南アフリカGDP速報と金融政策、相場の展望
- 10-12月期実質GDP成長率は前年同期比+0.7%、16年成長率は+0.3%と15年から減速しました。
- 資源需要の回復が一服、鉱業が前期比-11.5%となり、GDPの最大のマイナス寄与となりました。
- ゴーダン財務相による財政再建の取り組みや、資源・金利高を背景に、ランドは底堅く推移しそうです。
鉱業が一服、マイナス寄与に
7日、南アフリカ統計局が発表した16年10-12月期実質GDP成長率は、前年同期比+0.7%で前期と変わらず、16年通年では+0.3%と15年の+1.3%から減速し、マイナス成長となった09年以来の低い伸びとなりました。

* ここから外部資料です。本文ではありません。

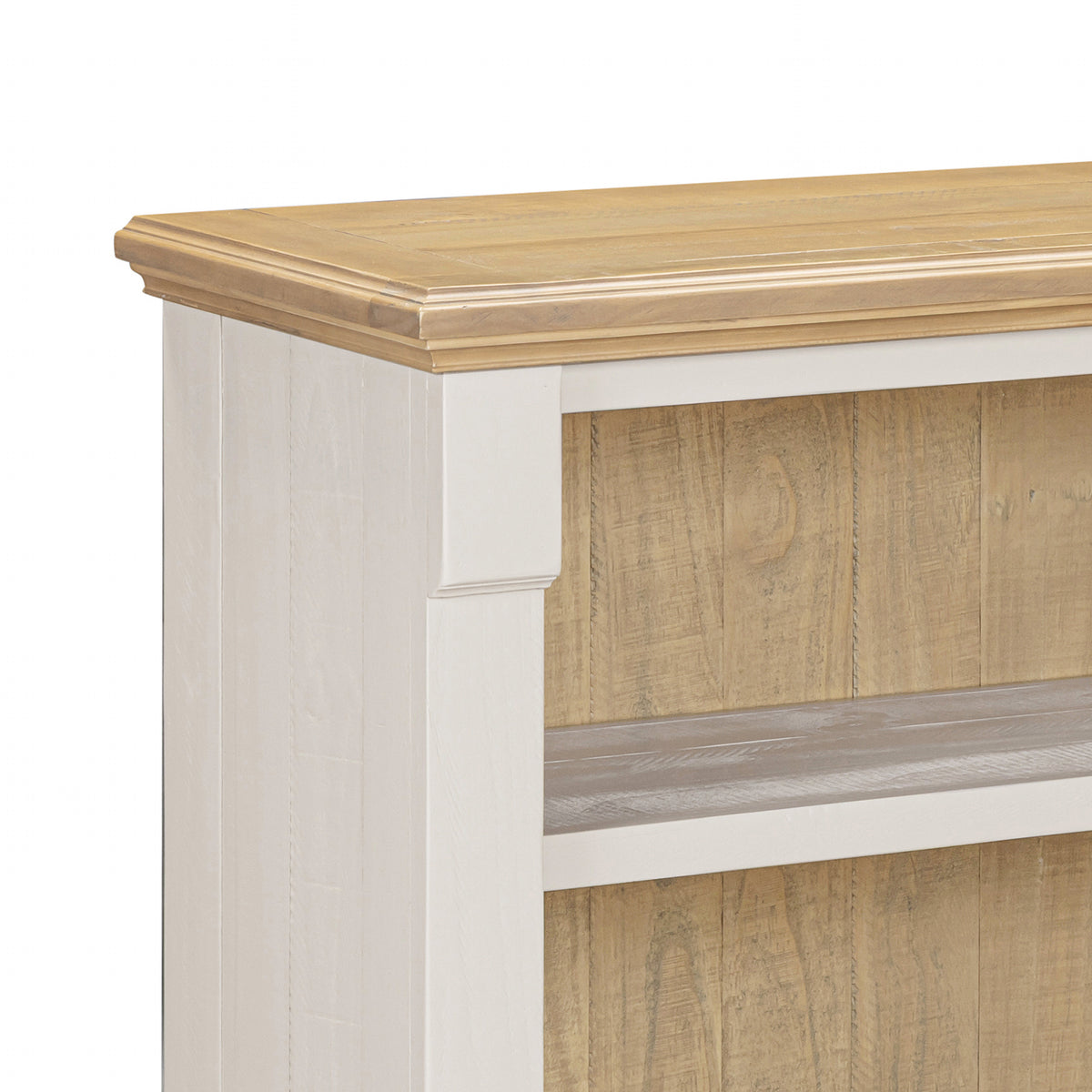Chateau Painted Low Bookcase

前期比年率では-0.3%と、7-9月期の+0.4%からマイナスに転じました。業種別の内訳を見ると、鉱業・採石業が前期比-11.5%となり、マイナス成長の最大寄与(-0.9%)となりました。世界的な景気拡大を背景に好調だった資源需要が一服し、鉄鉱石・金などが生産減になったことが原因です。またここ最近のランド高が、輸出企業の重しとなり、製造業も前期比-3.1%と成長率にマイナス寄与(-0.4%)となりました。一方、史上最悪の干ばつの影響が長引いていた農業に下げ止まりの兆しが見られることや、7-9月期に過去最悪を記録した失業率が10-12月は改善するなど、目先に明るい材料も出始め、一段の景気低迷は避けられると思われます。

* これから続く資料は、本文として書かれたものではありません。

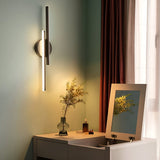 LysLine – Minimalistisk Vägglampa i Modern Design för Sovrum och Vardagsrum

ただ、政治的不透明を背景に、構造改革は手つかずのままであり、財政再建の取り組みの遅れに警鐘を鳴らす格付け会社が4月の見直しで、投機的水準へと格下げするリスクもくすぶっています。
一時18ヵ月ぶり高値
ゴーダン財務相は予算演説で、高所得者層への新たな増税や、燃料・アルコールなどの追加的な税の導入を図り、財政赤字削減を目指す方針を示しました。格下げ回避に向けた真摯な取り組みを市場は評価、ランドは対ドルで一時約18ヵ月ぶりの高値をつけました。
一方、米利上げや、市場信任の厚いゴーダン氏をズマ大統領が更迭する懸念などが、ランドにとって重しですが、緩やかな世界経済の拡大を背景とした、商品価格の回復や、相対的に高い金利が妙味となり、当面ランドは底堅い展開が続くと思われます。